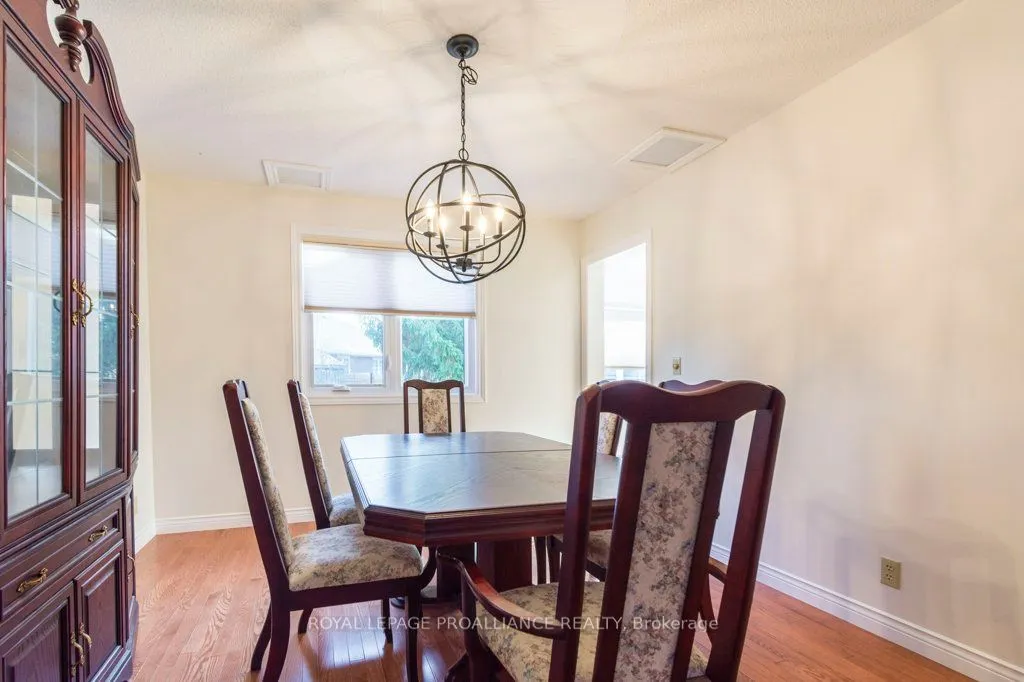 37 Dungannon Drive, ON K8P 5E7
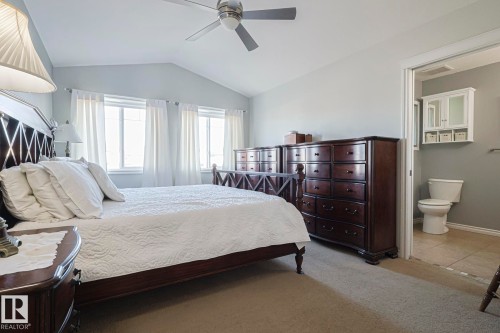 5601 Rue Eaglemont, Beaumont, AB - Indoor Photo Showing Bedroom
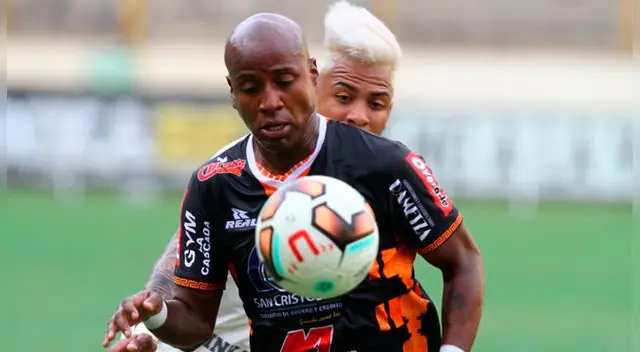 Jeickson Reyes controla un balón ante la mirada de Alexi Gómez. Jeickson Reyes controla un balón ante la mirada de Alexi Gómez.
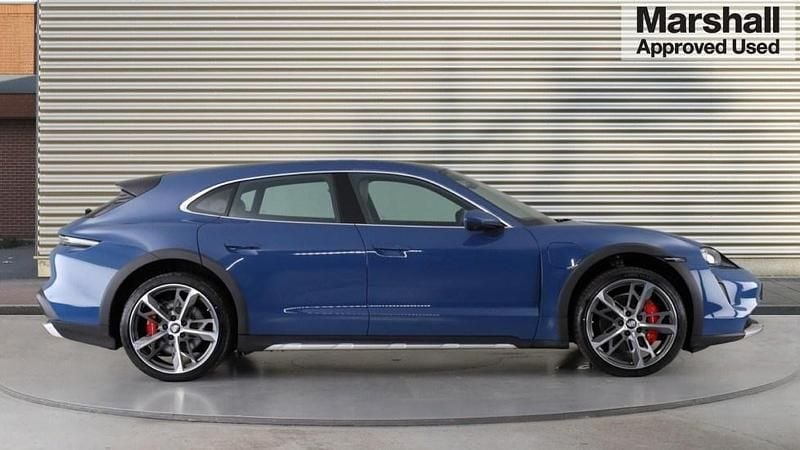 Used Porsche Taycan Cross Turismo 419 kW (571 HP) 2022 Blue Sedan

********

_Work request_. For this copy, leave pictures out and reproduce the lines from the one bearing "5601 Rue Eaglemont, Beaumont, AB" through the final line of the listing above, both ends included.

_Expected answer_.
 5601 Rue Eaglemont, Beaumont, AB - Indoor Photo Showing Bedroom
 Jeickson Reyes controla un balón ante la mirada de Alexi Gómez. Jeickson Reyes controla un balón ante la mirada de Alexi Gómez.
 Used Porsche Taycan Cross Turismo 419 kW (571 HP) 2022 Blue Sedan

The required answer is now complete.